Recensione dello spettacolo Le regole per vivere. Di Sam Holcroft con Elisa Di Eusanio, Alessia Giuliani, Alberto Giusta, Davide Lorino, Orietta Notari, Aldo Ottobrino e con Iulia Bonagura. Regia di Antonio Zavatteri. In scena al teatro Ambra Jovinelli dal 8 al 19 maggio 2019

Posta in quella terra di mezzo che nasconde e accoglie la vera essenza di noi stessi separandola dalla finzione, la commedia esplora i pensieri, emozioni ed intenzioni mai trasformati in azione, di un gruppo famigliare imperniato attorno a due fratelli, Matteo ed Adamo che trascorrono la vigilia di Natale in casa dei loro genitori, insieme alle rispettive compagne, Carola e Giovanna, osservate speciali di Elide (Orietta Notari) la madre dei due fratelli. Il padre, Franco (Alberto Giusta), ricoverato per un problema di salute, verrà comunque dimesso entro la giornata.

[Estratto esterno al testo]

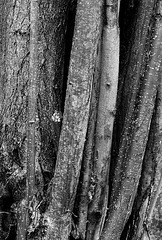 Tree trunks (monochrome version)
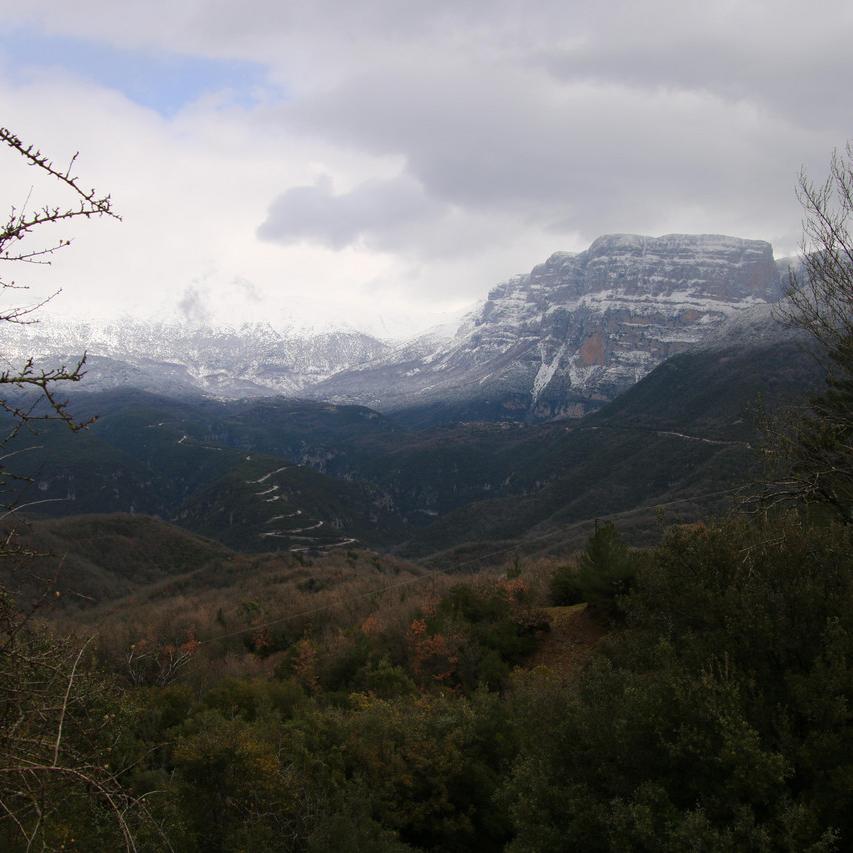 IMG_20210316_120101.jpg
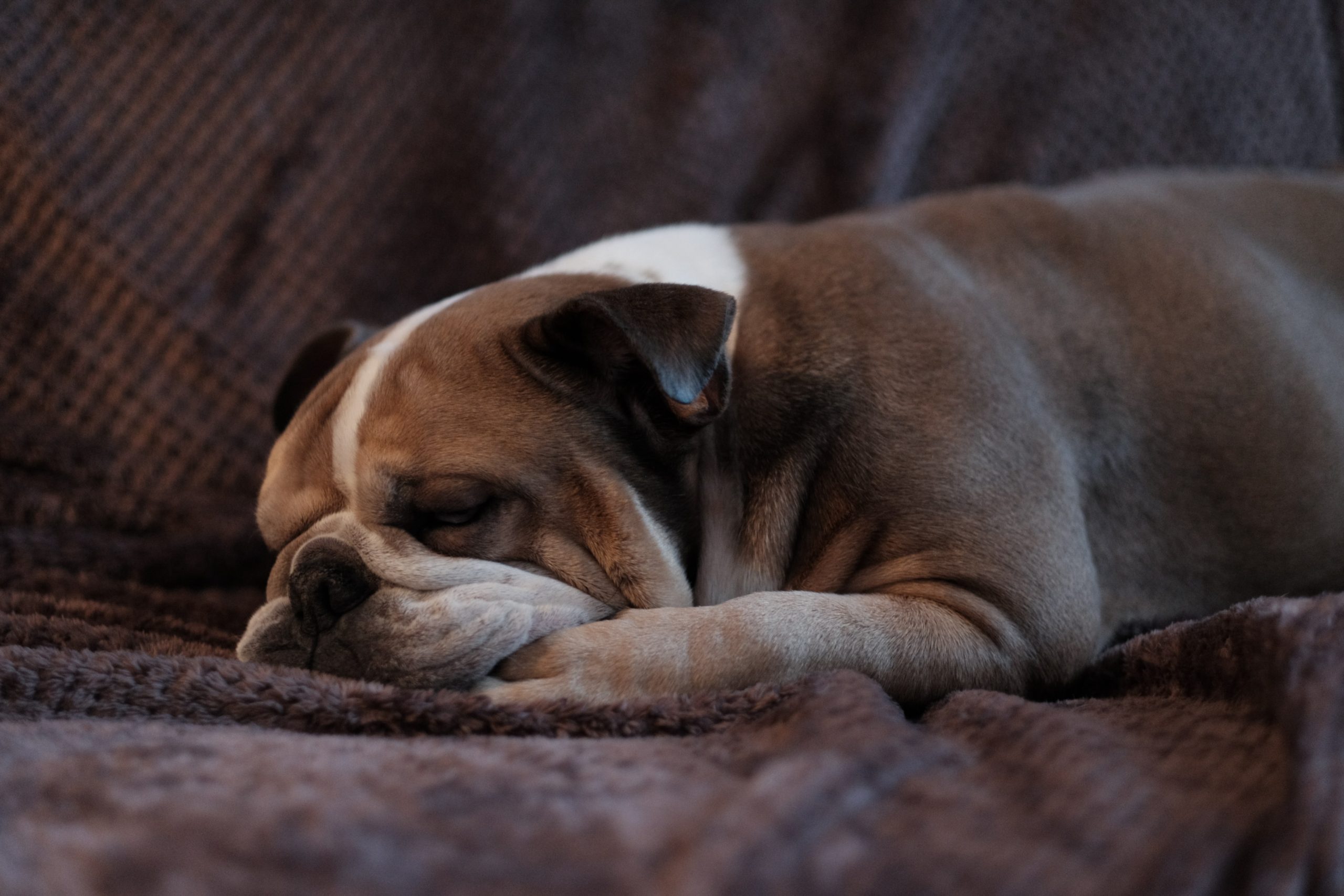 Don’t Become a Spiritual Sluggard | Jada Edwards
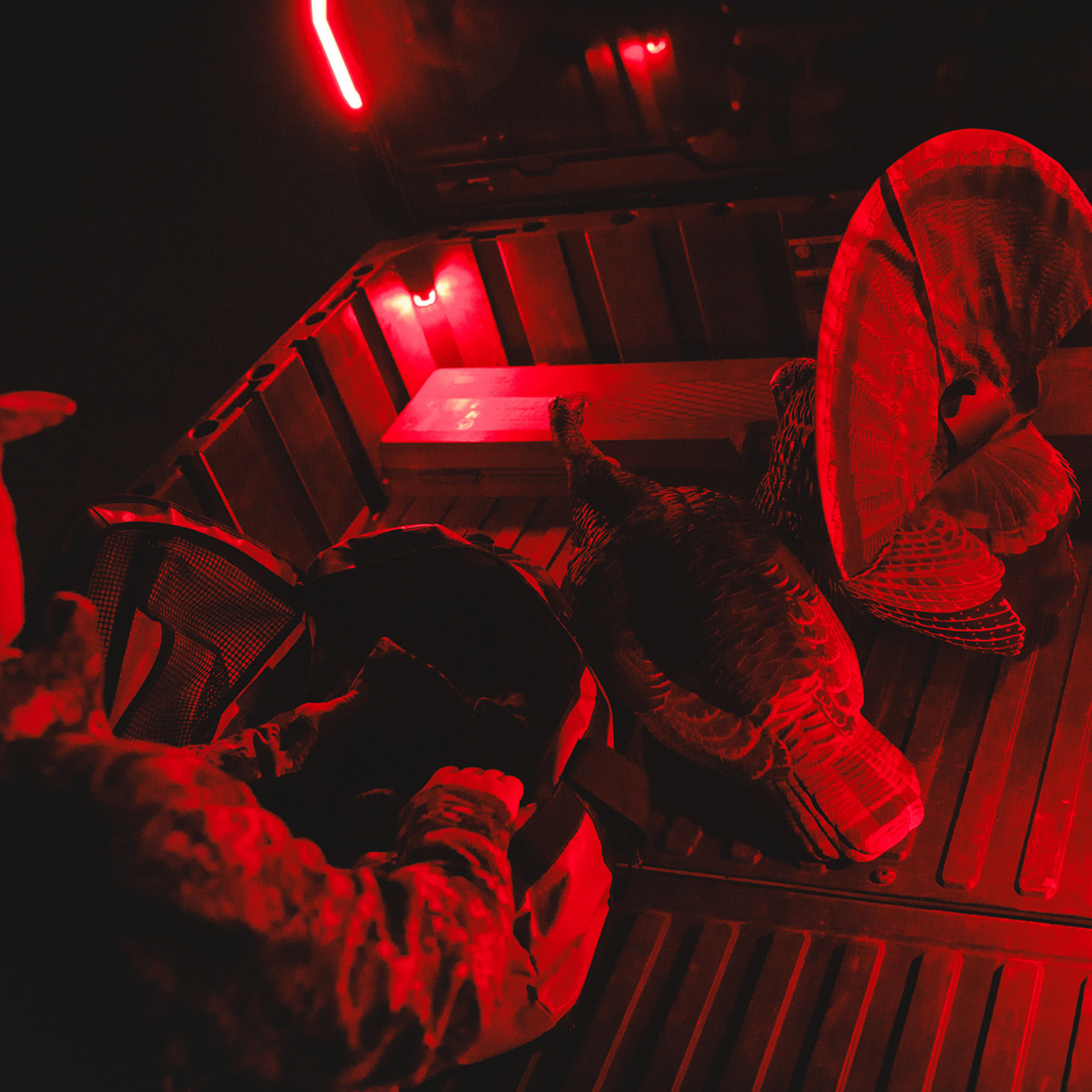 Ravek Trunk Bed Light - Red Can-Am/Polaris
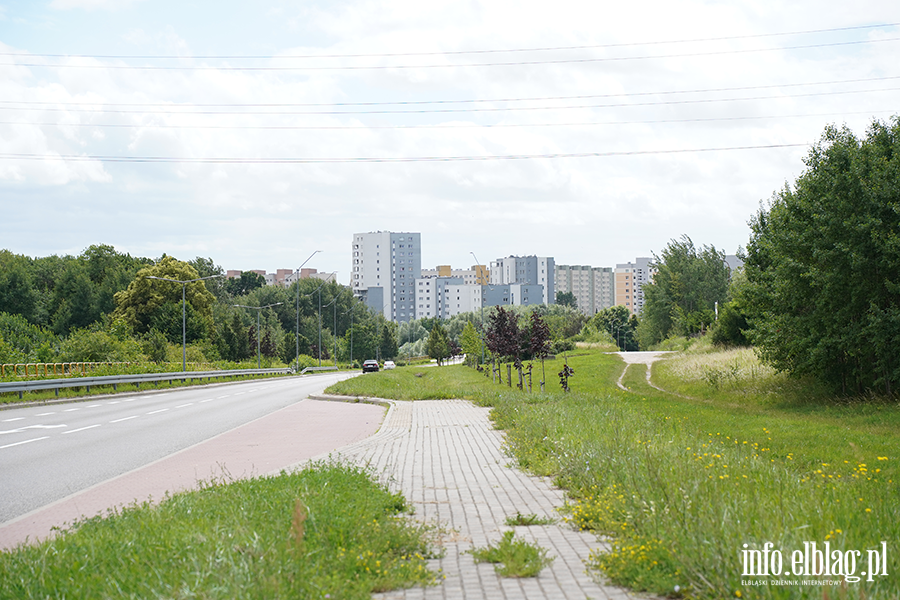 modrzewina, fot. 83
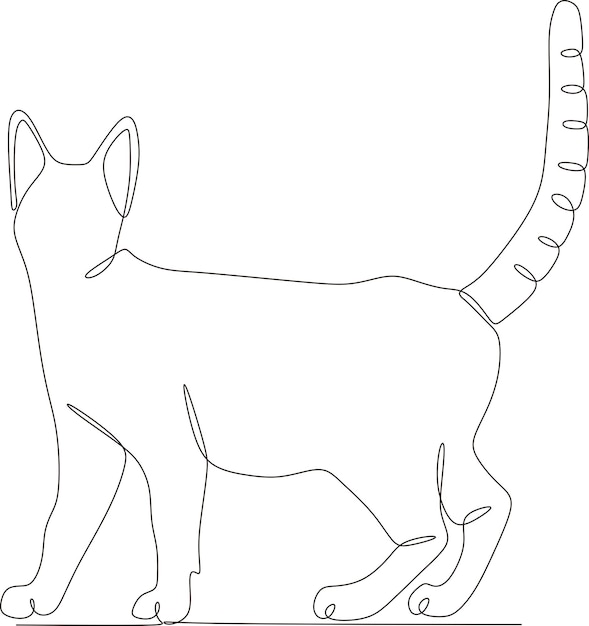 cat continuous line illustration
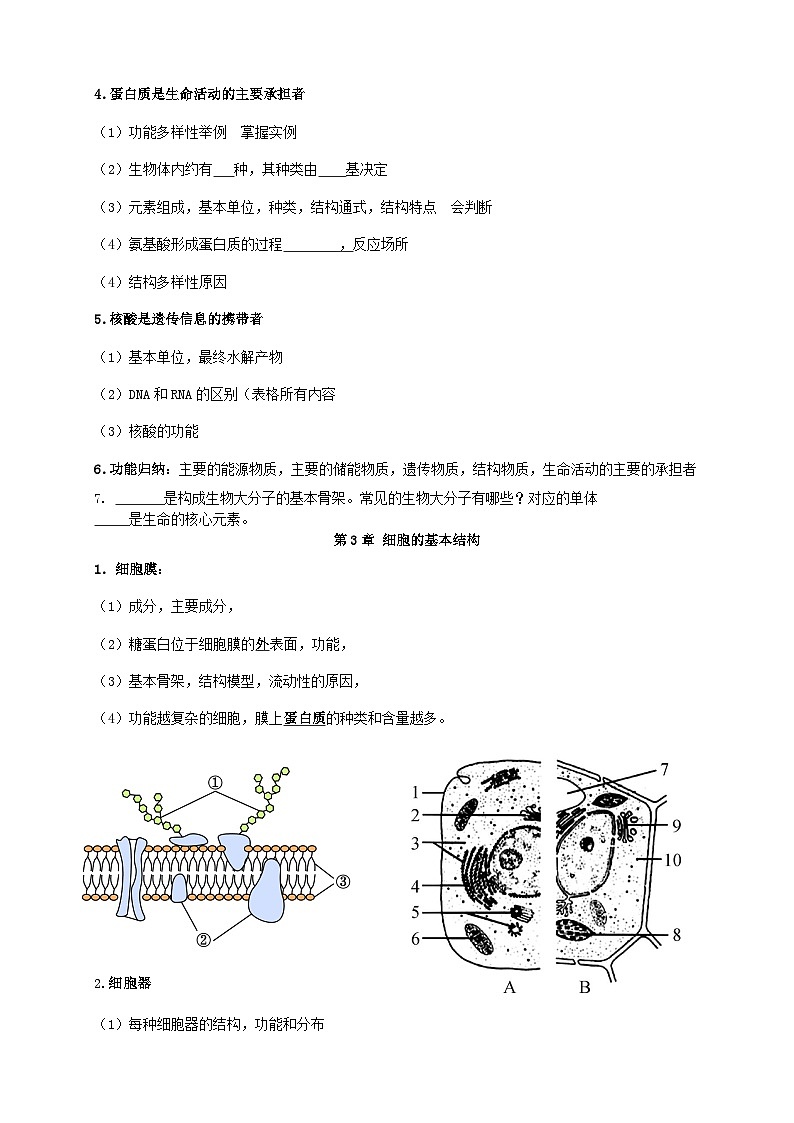 人教版（2019）高二生物学业水平合格性考试必背知识点考点提纲第2页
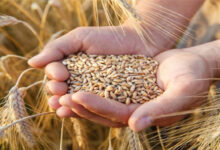 Production mondiale de céréales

Mentre Giovanna (Alessia Giuliani) sembra muoversi con più disinvoltura all’interno di quell’ambiente decisamente formale e rigido, Carola mostra, sin dalle prime battute, un marcato impaccio nel tentativo di rendersi visibile e apprezzata dagli ospiti, scadendo spesso nel ridicolo e suscitando così, più compassione che ammirazione. L’anziana donna ha infatti regole molto rigide che scandiscono anche le normali azioni quotidiane, e spesso trovano impreparata Carola ( Elisa Di Eusanio) nei suoi tentativi di rendersi utile. Dietro sorrisi forzati e frasi formali usate per riempire imbarazzanti silenzi, si avverte la crescente sensazione di un precario equilibrio da parte di entrambe le coppie circa la tenuta della relazione. Le stesse, attraverso espressioni ed allusioni, sembrano infatti tradire notevoli difficoltà interazionali solo momentaneamente “dimenticate” in virtù delle feste natalizie. Giovanna ed Adamo, per sempio, sono genitori di Emma (Iulia Bonagura), una giovanissima ragazza problematica che sembra aver inevitabilmente assorbito i disagi della coppia a tal punto da perdere fiducia in se stessa, perchè orfana della stabilità del sostegno genitoriale percepito. Non è un caso infatti che i rispettivi membri di ciascuna coppia trovino comprensione e attenzione nel partner dell’altra, a tal punto da tessere interazioni di immediata intesa mai riscontrata nel loro rapporto d’origine. Il tema dominante sembra essere un’insoddisfazione di fondo goffamente e provvisoriamente mascherata, da parte di tutti i commensali, nei confronti della vita, e  delle aspettative disilluse. Ognuno dei presenti ha qualcosa da rimproverare all’altro, qualcosa da dire senza potersi esprimere e si cela dietro una maschera che risulta ormai fessurata e non più in grado, quindi, di soffocare parole, di artefare sorrisi, di addolcire pensieri.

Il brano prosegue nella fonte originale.